Jakarta, Gatra.com - Para pelaku Industri Hasil Tembakau (IHT) berharap pemerintah tidak menaikkan cukai rokok di tahun depan. Hal ini untuk memberikan kepastian dalam bisnis termasuk masalah percukaian.
Mereka juga meminta pemerintah untuk bersama-sama membuat peta jalan IHT di masa depan. “Kami berharap ke depan dalam menentukan kebijakan tarif menyesuaikan dengan inflasi dan pertumbuhan ekonomi. Artinya, (Pemerintah) jangan seenaknya sendiri menaikkan tarif cukai (rokok) tinggi,” kata Ketua Gabungan Pengusaha Rokok (Gapero) Surabaya, Sulami Bahar dalam keterangannya yang diterima pada Senin (25/4).
Menurutnya, kenaikan cukai rokok tanpa adanya masukan dari para pelaku IHT berdampak pada semakin tingginya rokok ilegal masuk di pasar nasional.
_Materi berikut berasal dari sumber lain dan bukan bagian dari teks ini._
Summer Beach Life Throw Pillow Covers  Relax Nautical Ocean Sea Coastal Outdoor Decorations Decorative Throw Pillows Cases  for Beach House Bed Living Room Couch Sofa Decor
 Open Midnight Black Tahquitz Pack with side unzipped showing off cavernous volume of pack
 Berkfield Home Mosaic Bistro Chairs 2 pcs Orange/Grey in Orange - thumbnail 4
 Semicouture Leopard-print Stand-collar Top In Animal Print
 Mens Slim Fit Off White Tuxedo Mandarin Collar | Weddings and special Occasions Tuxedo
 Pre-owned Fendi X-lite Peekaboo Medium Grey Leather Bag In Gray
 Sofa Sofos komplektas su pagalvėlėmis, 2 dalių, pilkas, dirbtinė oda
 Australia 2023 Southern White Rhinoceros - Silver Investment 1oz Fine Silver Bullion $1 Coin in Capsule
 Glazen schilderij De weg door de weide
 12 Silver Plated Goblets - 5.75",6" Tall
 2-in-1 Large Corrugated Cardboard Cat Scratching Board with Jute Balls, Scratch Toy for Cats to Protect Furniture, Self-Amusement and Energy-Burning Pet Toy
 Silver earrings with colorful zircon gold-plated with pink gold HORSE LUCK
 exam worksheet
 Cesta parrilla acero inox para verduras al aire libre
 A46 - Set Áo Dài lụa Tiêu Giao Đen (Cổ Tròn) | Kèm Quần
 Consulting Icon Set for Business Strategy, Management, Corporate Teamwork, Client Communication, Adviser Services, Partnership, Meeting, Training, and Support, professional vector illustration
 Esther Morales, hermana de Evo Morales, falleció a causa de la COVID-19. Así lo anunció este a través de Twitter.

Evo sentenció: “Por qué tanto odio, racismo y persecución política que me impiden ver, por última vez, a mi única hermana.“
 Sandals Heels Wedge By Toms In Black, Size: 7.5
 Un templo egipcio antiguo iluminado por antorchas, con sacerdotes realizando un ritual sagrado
Lantaranm daya beli konsumen rokok akan menurun akibat adanya pandemi Covid-19 yang diikuti oleh krisis ekonomi.
“Mereka akan tetap merokok tetapi memilih rokok yang lebih murah. Artinya, di situ yang lebih murah itu rokok ilegal. Padahal, rokok ilegal itu kita tahu sendiri sangat merugikan semua pihak,” tegasnya.
Sulami juga menyebut, kebijakan pemerintah menaikan cukai rokok di atas besaran inflasi selama tiga tahun berturut-turut telah menambah beban harga kepada setiap batang rokok yang diproduksi perusahaan rokok resmi sebesar 64,5%. Bahkan untuk perusahaan atau pabrik rokok kecil, beban itu bertambah menjadi 74%.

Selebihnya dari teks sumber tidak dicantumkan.